Data-focused initiatives remain a priority for IT leaders, according to a new Foundry report. More than half (55%) of 872 IT decision-makers surveyed expect increased investment in analytics capabilities over the next 12 to 18 months, up from 44% in last year's study.
While nearly two-thirds of respondents (63%) attribute revenue gains and new business opportunities to data technologies deployed in the last three years, 44% report a lack of analytics skills as an impediment to continued progress.
To address the skills gap and concerns about poor data quality and data governance/security issues, IT leaders say they will commit 46% of their data and analytics budgets to talent recruitment and upskilling efforts.
Every business wants the advantages of data solutions. But analytics insights are only as good as the data – and the people – behind them.
With companies committing an average of $12.3 million over the next year to analytics software, services, training and consulting, IT leaders are mobilizing to fill workforce skill gaps, implement data quality assurance measures and improve data governance and security protocols, the report found
A major part of these efforts center around recruiting qualified data professionals and upskilling existing IT personnel, according to Foundry.
At Eli Lilly & Company, for example, an initiative to provide enterprisewide analytics training to a workforce of over 30,000 has been underway, according to the company’s chief data and analytics officer Vipin Gopal.
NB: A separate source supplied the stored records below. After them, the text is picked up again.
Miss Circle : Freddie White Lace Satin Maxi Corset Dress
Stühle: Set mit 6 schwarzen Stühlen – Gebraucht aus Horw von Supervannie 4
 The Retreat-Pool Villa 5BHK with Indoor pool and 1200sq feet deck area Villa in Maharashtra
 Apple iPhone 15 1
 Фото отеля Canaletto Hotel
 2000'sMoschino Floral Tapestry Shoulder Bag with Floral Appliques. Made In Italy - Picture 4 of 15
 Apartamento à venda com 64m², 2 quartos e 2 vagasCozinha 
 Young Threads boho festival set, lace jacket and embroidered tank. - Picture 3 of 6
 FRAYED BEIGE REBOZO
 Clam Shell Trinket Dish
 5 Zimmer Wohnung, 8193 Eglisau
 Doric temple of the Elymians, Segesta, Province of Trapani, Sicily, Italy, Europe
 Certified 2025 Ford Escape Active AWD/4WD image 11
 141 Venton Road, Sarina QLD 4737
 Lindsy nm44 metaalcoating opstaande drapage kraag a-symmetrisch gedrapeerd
“Historically, chief data officers have looked at building data infrastructure, AI models, etc.,” Vipin said during the MIT Sloan CIO Symposium last month. “Those are all important. But I think having an intentional effort to bring about organizational change has to be an important part of the job of the CDO.”
Individual companies have distinct data needs. But the Foundry report highlights internal business processes and IT operations automation, as well as customer insight, engagement and service, as the most common areas for analytics upgrades.
To get the most out of investments in new and emerging data technologies, the majority of survey respondents (83%) have prioritized self-service tools to facilitate better data access, and four in ten said they are looking to recruit talent with the skills to provide analytics training to non-technical staff.
On the technical side, data architects, data management, data security and data integration skills remain in high demand, according to the Foundry survey, a finding supported by industry analysts.
“The biggest challenge in building a data skills training program is addressing the needs around both data infrastructure and data analysis,” said Seth Robinson, VP for industry research at CompTIA, in an email.
Data analytics is a top objective for many companies, but CompTIA data shows the top three skill areas companies are currently targeting are data infrastructure, data security and database administration.
The demand for technical talent appears to be aligning with a broader, more nuanced understanding of what companies need in order to get the most out of data investments.
Companies have been working to address the need for data engineering, data science and AI/ML talent over the last five years, according to Forrester VP and principal analyst Michele Goetz.
“There’s still a scarcity but I think we’re solving that problem right now,” she said. “But, broader AI or data literacy is a massive gap.”
“It's just not a game of the data scientists anymore,” Gopal said. “It is a game of getting the organization as a whole to be culturally evolving, to be performing in an AI enabled ecosystem.”